# [Task to complete]
Return every record below exactly as given, images excluded.

Stored items from a collection:
· · · · · · ·
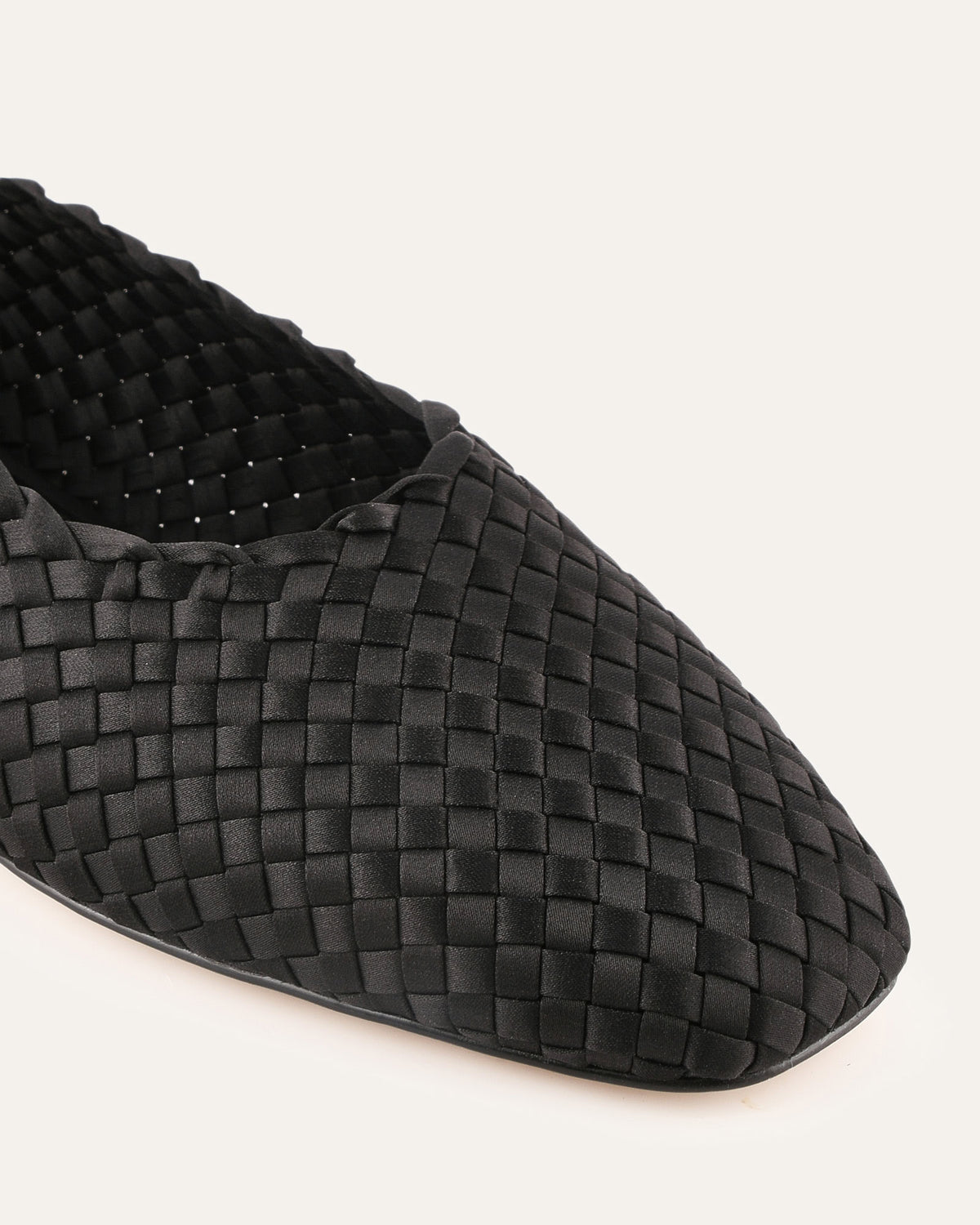 Black woven flat shoe on a white background
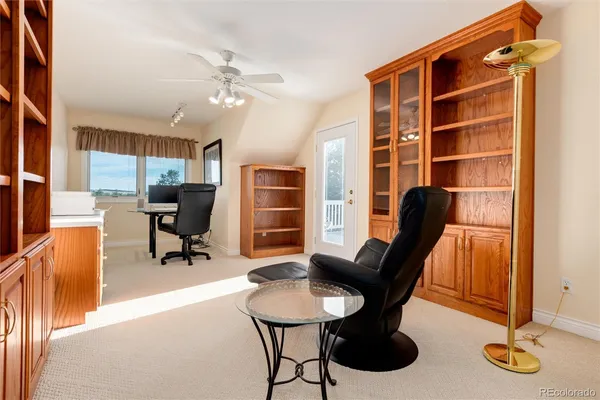 a view of a livingroom with furniture and a window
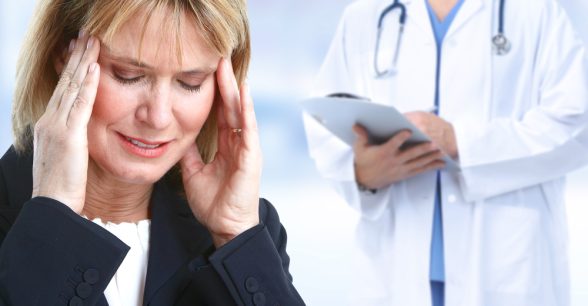 A patient, a blonde white woman wearing a dark top with a white top underneath, holds her head in pain while a fair-skinned doctor, face unseen, holds a clipboard while wearing a white lab coat with a stethoscope around their neck.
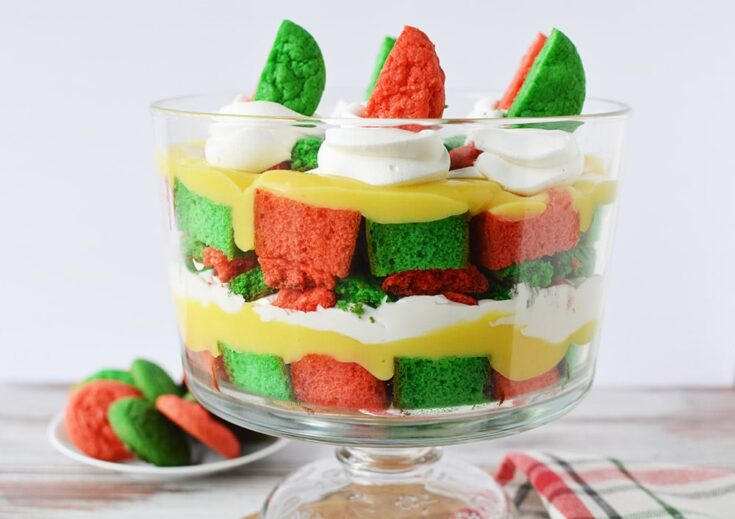 Layers of pudding, green and red cake, cookies, and whipped cream for a Christmas trifle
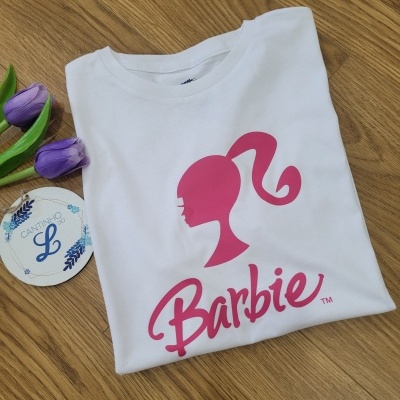 T-shirt branca com estampa rosa Barbie sobre madeira, com tulipas e etiqueta ao lado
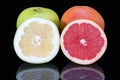 Citrus fruits of red and green grapefruit whole and half isolated on black background close up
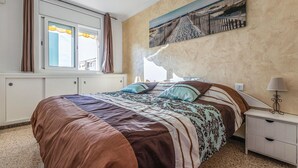 Een slaapkamer met een groot bed, een raam met gordijnen, een nachtkastje met een lamp en een schilderij aan de muur.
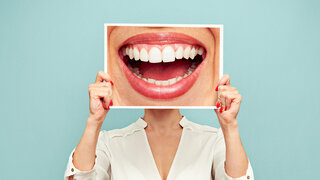 Eine Frau hält sich ein Bild vor das Gesicht, auf dem ein lachender Mund mit gesunden Zähnen zu sehen ist.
· · · · · · ·
# [Answer section]
 Black woven flat shoe on a white background
 a view of a livingroom with furniture and a window
 A patient, a blonde white woman wearing a dark top with a white top underneath, holds her head in pain while a fair-skinned doctor, face unseen, holds a clipboard while wearing a white lab coat with a stethoscope around their neck.
 Layers of pudding, green and red cake, cookies, and whipped cream for a Christmas trifle
 T-shirt branca com estampa rosa Barbie sobre madeira, com tulipas e etiqueta ao lado
 Citrus fruits of red and green grapefruit whole and half isolated on black background close up
 Een slaapkamer met een groot bed, een raam met gordijnen, een nachtkastje met een lamp en een schilderij aan de muur.
 Eine Frau hält sich ein Bild vor das Gesicht, auf dem ein lachender Mund mit gesunden Zähnen zu sehen ist.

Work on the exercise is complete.